10 Classic Rock Songs That Instantly Take You Back To 1969
Mandatory Credit: Photo by Alan Messer/REX/Shutterstock (133333jj) DON McLEAN VARIOUS
As far as releases go, 1969 was undeniably spectacular. The year saw the emergence of new bands and so there was no shortage of great music on the airwaves. From ballads to blues rock, there was variety. It was absolute haven for every classic rock fan. Let’s revisit these songs that make us nostalgic:
Led Zeppelin – Whole Lotta Love
Led Zeppelin dropped their first two albums in 1969 and although critics weren’t too impressed with the group, they gained massive following especially as they hit the road in support of their records. Their second album opened with Whole Lotta Love which became one of their best known songs. It’s often voted as having one of the greatest guitar riffs of all time.

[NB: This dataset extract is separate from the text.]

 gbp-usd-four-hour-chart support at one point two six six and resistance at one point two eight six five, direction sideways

Sly and the Family Stone – Thank You (Falettinme Be Mice Elf Agin)
They were at the peak of their popularity but for Sly Stone, he was rather disappointed that people weren’t to the messages they were trying to impart in their songs. Thus, he wrote this. The lyrics also referenced their previous hits and the spelling is a play on “Thank you for letting me be myself again.”

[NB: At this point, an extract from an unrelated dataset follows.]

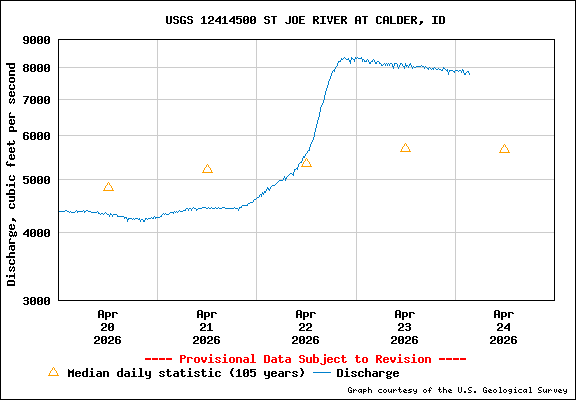 USGS Water-data Flow Graph St Joe River Idaho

Crosby, Stills & Nash – Suite: Judy Blue Eyes
Stephen Stills wrote this for his then-girlfriend Judy Collins and their imminent breakup. Stills explained that the song “started out as a long narrative poem about my relationship with Judy Collins.” And while he had the words, he also “had a hell of a time getting the music to fit.” It became one of their most popular tracks as it showcased their impeccable harmonies.
Creedence Clearwater Revival – Proud Mary
A single from Bayou Country, it was a major hit for Creedence Clearwater Revival. The song came together after John Fogerty was discharged from the National Guard. He recalled, “By the time I hit ‘Rolling, rolling, rolling on the river,’ I knew I had written my best song. It vibrated inside me.”

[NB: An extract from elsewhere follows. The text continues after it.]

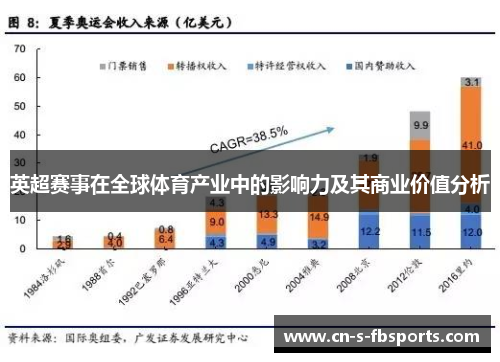 英超赛事在全球体育产业中的影响力及其商业价值分析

The Rolling Stones – Gimme Shelter
The opening track to Let It Bleed, it didn’t chart but it achieved classic status. Written by Mick Jagger and Keith Richards, Jagger told Rolling Stone that it’s “a kind of end-of-the-world song, really. It’s apocalypse.” It touched on the social and political unrest including the Vietnam War.
The Beatles – Come Together
The lead song on Abbey Road, John Lennon initially wrote it for the political campaign of Timothy Leary but when he went to jail for cannabis possession, The Beatles recorded it for their album. Lennon recalled that he “just said, ‘Look, I’ve got no arrangement for you, but you know how I want it.’” He also told them, “Give me something funky.” And that’s what they did.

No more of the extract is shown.